_Prompt_:
Each line of the records below that holds "online" should be copied out.

_Extracted data_:
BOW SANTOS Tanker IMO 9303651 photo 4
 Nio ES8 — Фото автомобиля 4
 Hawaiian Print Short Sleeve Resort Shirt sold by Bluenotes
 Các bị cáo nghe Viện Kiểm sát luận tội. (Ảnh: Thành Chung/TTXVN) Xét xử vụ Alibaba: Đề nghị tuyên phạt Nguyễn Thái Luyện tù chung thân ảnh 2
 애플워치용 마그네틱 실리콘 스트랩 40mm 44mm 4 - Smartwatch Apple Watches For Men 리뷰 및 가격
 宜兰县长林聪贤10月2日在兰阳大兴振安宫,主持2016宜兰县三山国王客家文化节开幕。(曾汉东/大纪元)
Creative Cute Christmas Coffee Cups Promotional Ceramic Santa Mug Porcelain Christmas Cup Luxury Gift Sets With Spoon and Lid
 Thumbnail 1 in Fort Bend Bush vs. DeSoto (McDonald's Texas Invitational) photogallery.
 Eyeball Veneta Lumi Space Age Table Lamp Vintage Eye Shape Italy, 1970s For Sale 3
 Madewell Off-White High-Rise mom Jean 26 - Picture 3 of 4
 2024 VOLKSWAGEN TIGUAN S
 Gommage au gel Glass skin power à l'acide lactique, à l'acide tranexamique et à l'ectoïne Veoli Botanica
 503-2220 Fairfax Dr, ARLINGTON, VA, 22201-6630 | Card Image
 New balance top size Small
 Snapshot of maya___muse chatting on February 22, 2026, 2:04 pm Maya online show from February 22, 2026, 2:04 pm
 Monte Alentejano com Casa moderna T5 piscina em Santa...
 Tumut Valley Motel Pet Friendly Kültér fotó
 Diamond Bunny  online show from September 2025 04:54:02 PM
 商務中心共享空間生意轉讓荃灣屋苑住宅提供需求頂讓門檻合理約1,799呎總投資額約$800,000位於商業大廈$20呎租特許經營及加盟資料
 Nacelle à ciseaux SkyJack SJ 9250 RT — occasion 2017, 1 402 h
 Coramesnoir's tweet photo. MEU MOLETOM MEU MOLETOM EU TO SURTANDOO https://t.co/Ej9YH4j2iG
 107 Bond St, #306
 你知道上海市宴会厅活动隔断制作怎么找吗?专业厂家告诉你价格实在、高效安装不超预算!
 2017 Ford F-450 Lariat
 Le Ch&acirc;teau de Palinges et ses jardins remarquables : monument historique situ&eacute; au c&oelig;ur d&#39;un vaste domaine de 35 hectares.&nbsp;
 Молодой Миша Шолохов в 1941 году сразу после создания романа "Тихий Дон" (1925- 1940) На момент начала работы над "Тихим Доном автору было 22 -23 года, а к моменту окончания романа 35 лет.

_Answer space_:
 Snapshot of maya___muse chatting on February 22, 2026, 2:04 pm Maya online show from February 22, 2026, 2:04 pm
 Diamond Bunny  online show from September 2025 04:54:02 PM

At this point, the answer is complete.